Web page caption snippets:
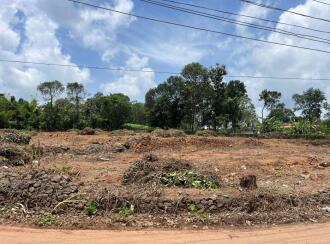 Residential Land for Sale in Pathanamthitta, Mallappally, Palackathakidi, Palackathakidi - Poovathanam Road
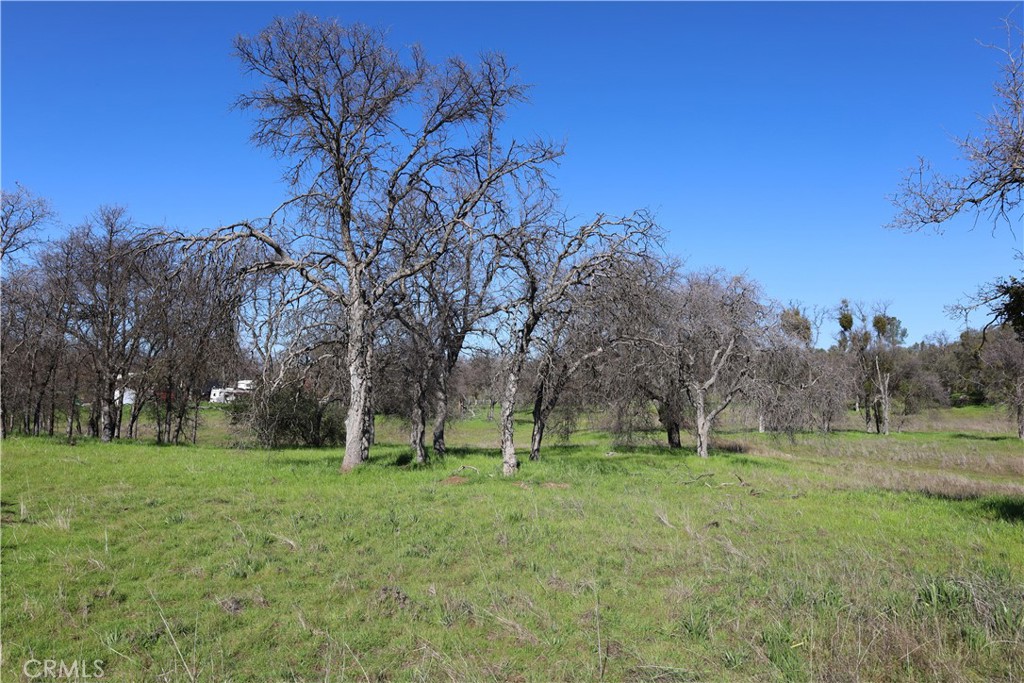 0 Douglas Road Coarsegold, CA 93614 - Photo 13 of 19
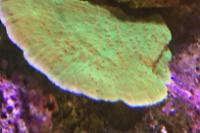 Leaf Plate Montipora Thumbnail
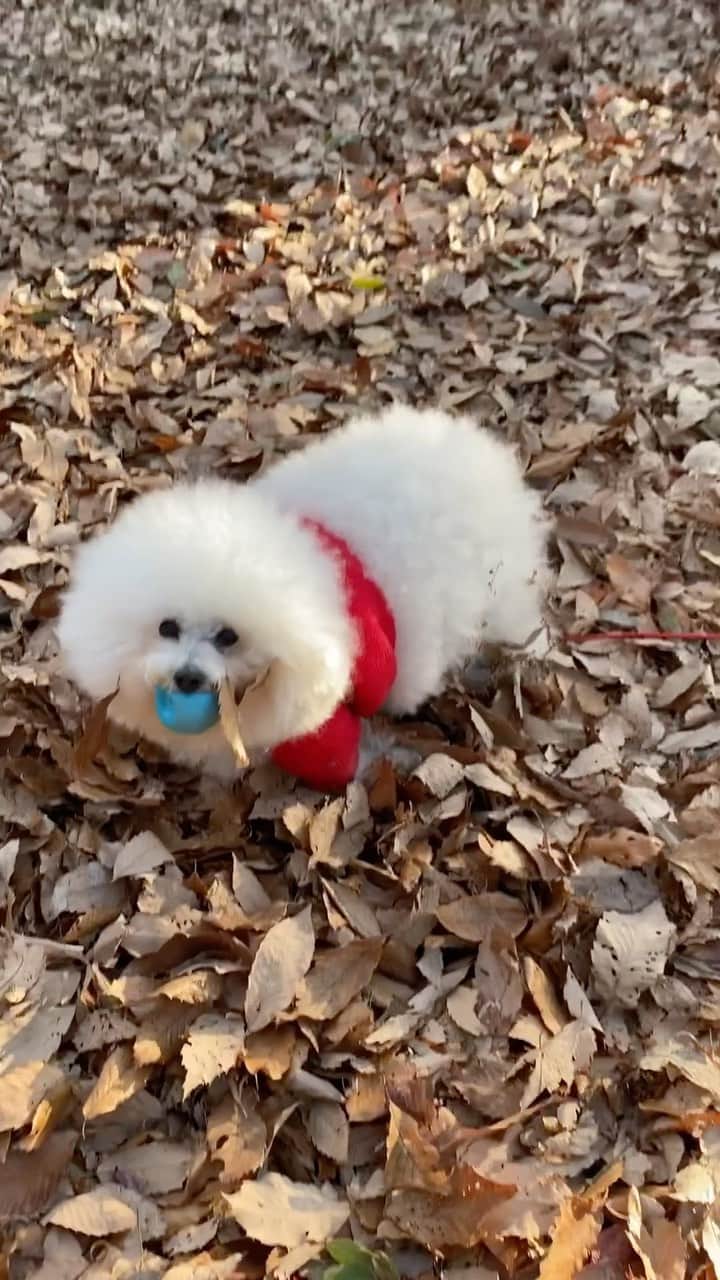 ゆうのインスタグラム：「. . 落ち葉を🍂いっぱい付けて コロコロ転がって 本当に楽しそうだったので保存用に . . .」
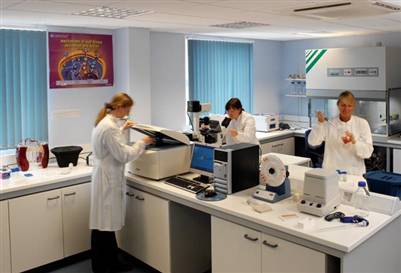 Hepatit B hızla artıyor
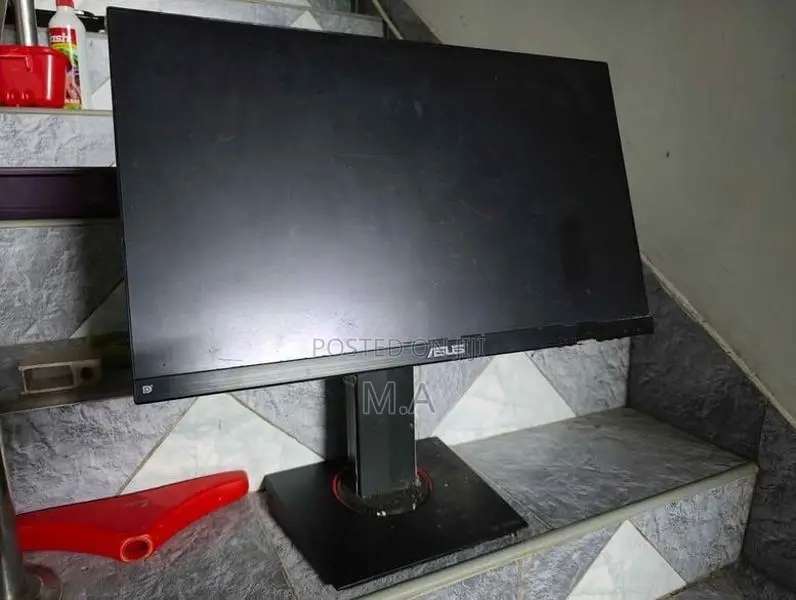 ASUS 24.5 Inch Monitor (Display Issues)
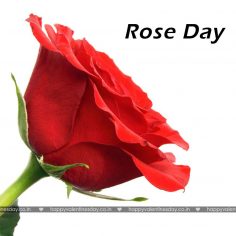 Rose Day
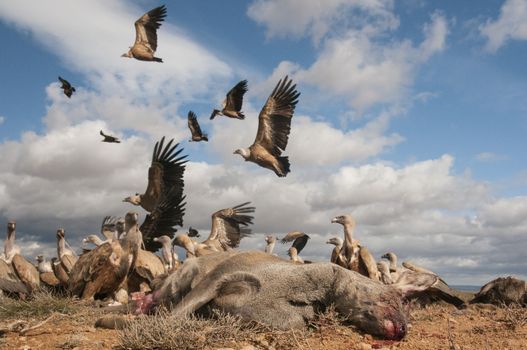 Griffon Vulture, Gyps fulvus, large birds of prey in flight and going down to eat a roe deer, Capreolus capreolus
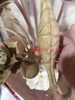 Hoa sen gỗ bách xanh mộc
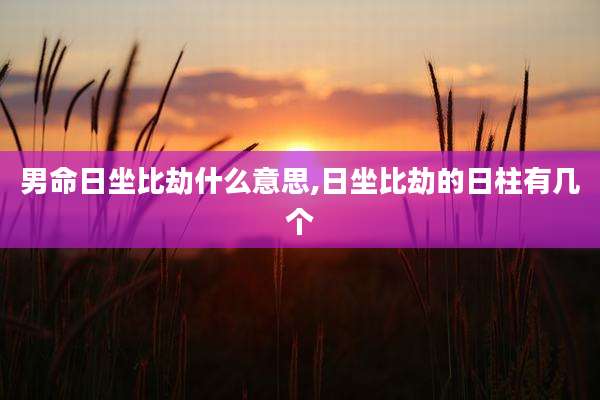 男命日坐比劫什么意思,日坐比劫的日柱有几个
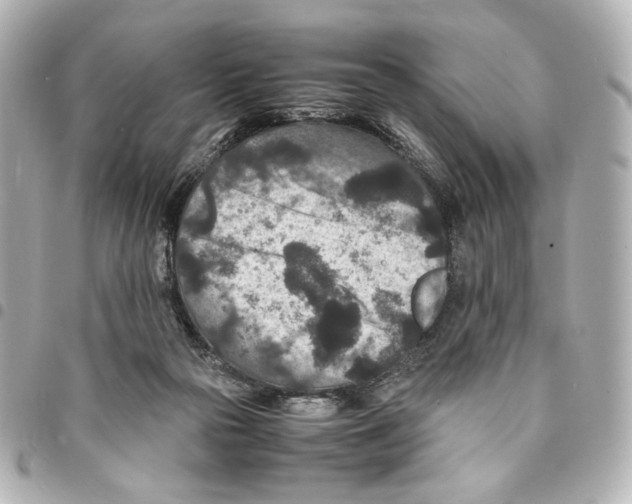 X0000094950169200712271705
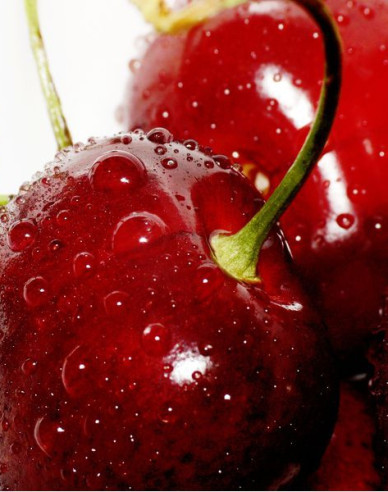 Třešeň ´KORDIA´ pozdní, podn. Colt, prostok.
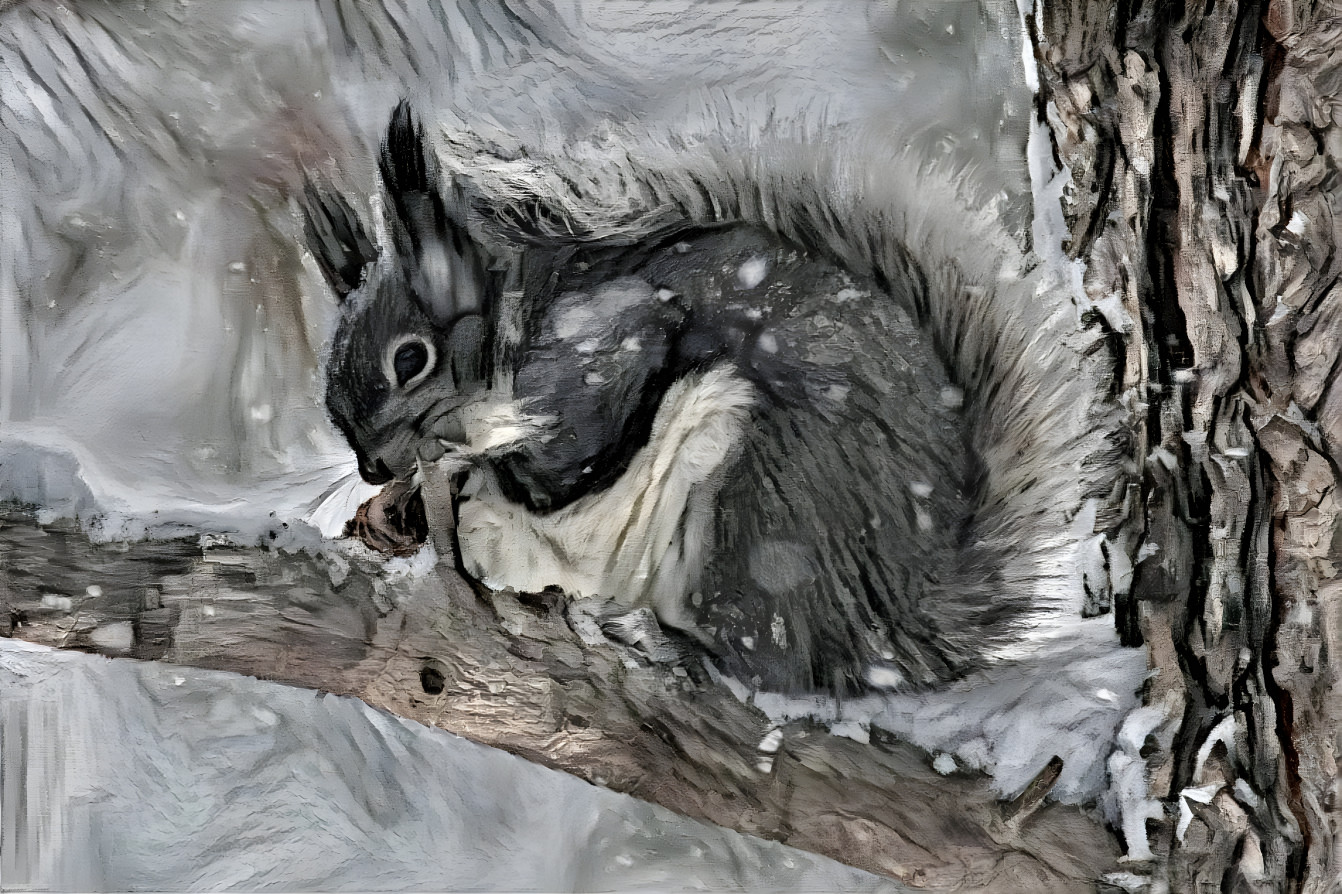 Abert's squirrel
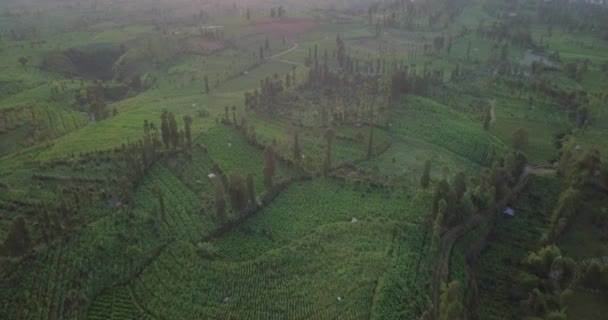 Przelot Lotniczy Nad Największą Plantacją Tytoniu Położoną Wzgórzach Temangung Indonezja — Wideo stockowe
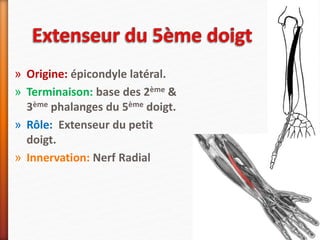» Origine: épicondyle latéral.
» Terminaison: base des 2ème &
3ème phalanges du 5ème doigt.
» Rôle: Extenseur du petit
doigt.
» Innervation: Nerf Radial
 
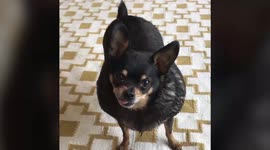 Obese chihuahua sheds half its body weight after not being able to move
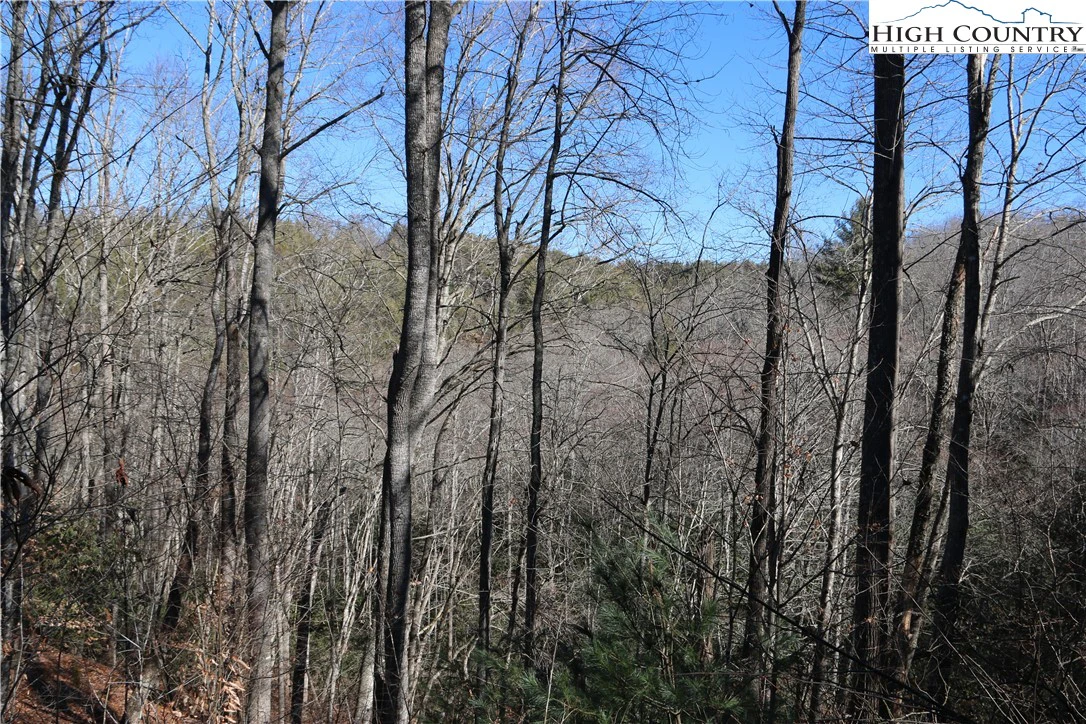 Image number 3 for the current listing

## PROBLEM STATEMENT
Copy out, with no pictures, the lines from the one containing "Hoa sen gỗ bách xanh mộc" through the last line of the data above, both ends included and each word unchanged.

## ANSWER TO THIS TASK
 Hoa sen gỗ bách xanh mộc
 男命日坐比劫什么意思,日坐比劫的日柱有几个
 X0000094950169200712271705
 Třešeň ´KORDIA´ pozdní, podn. Colt, prostok.
 Abert's squirrel
 Przelot Lotniczy Nad Największą Plantacją Tytoniu Położoną Wzgórzach Temangung Indonezja — Wideo stockowe
» Origine: épicondyle latéral.
» Terminaison: base des 2ème &
3ème phalanges du 5ème doigt.
» Rôle: Extenseur du petit
doigt.
» Innervation: Nerf Radial
 
 Obese chihuahua sheds half its body weight after not being able to move
 Image number 3 for the current listing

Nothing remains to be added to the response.